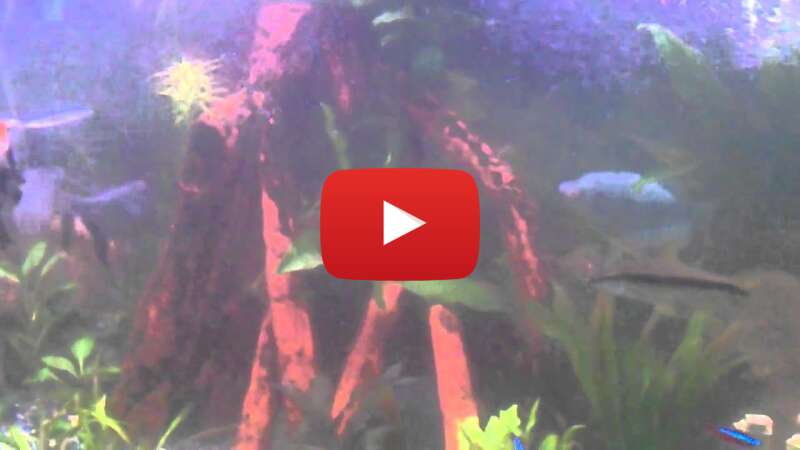 Video COfvnzq_JWE abspielen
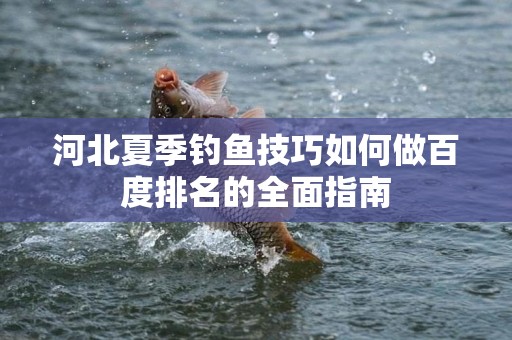 河北夏季钓鱼技巧如何做百度排名的全面指南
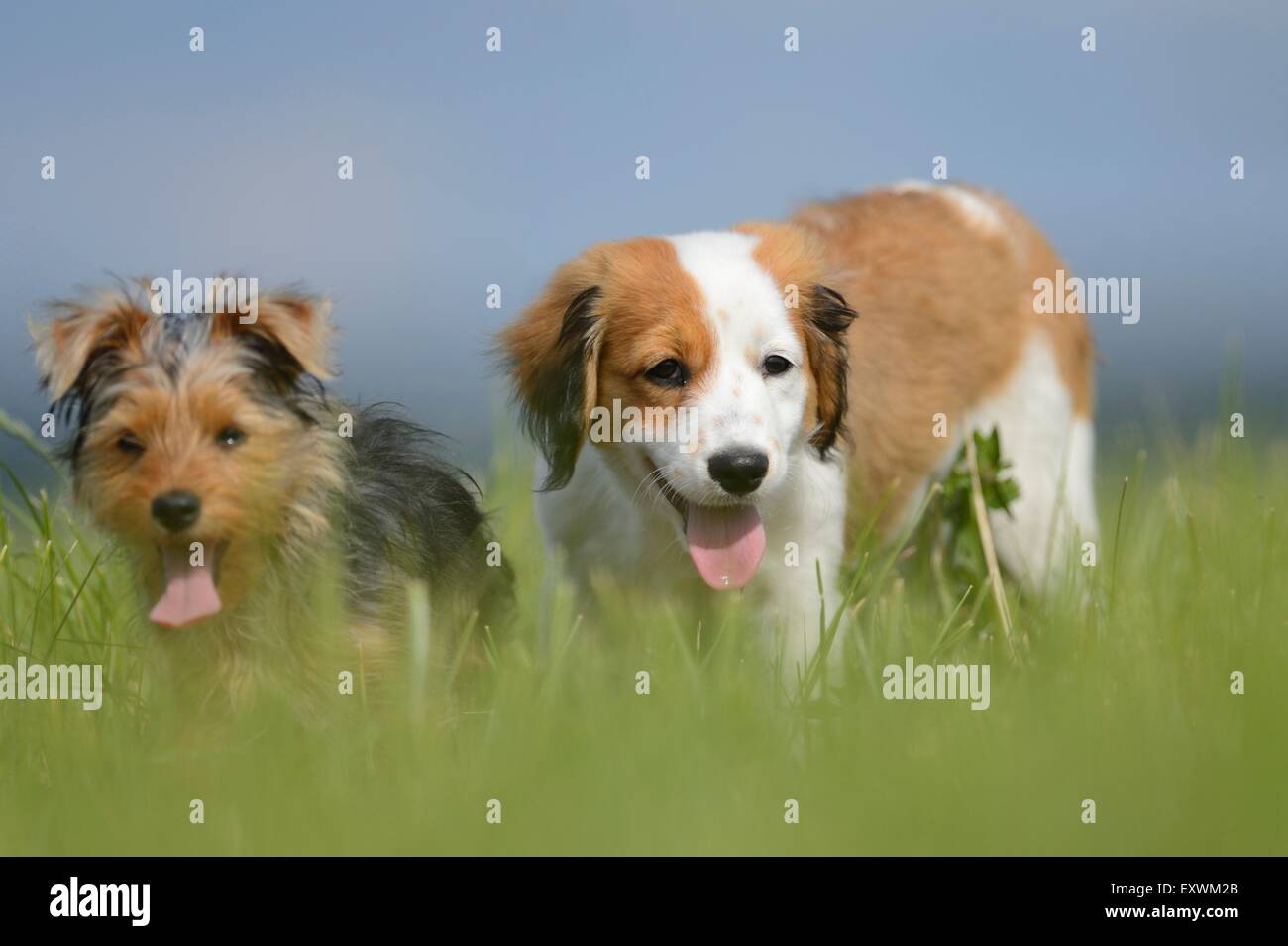 Nederlandse Kooikerhondje and Yorkshire Terrier, Upper Palatinate, Germany, Europe Stock Photo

= = = = =

Your output should be the lines from the line containing "河北夏季钓鱼技巧如何做百度排名的全面指南" through the last line of the listing above, restated exactly, with no pictures among them.

ANSWER SPACE:
 河北夏季钓鱼技巧如何做百度排名的全面指南
 Nederlandse Kooikerhondje and Yorkshire Terrier, Upper Palatinate, Germany, Europe Stock Photo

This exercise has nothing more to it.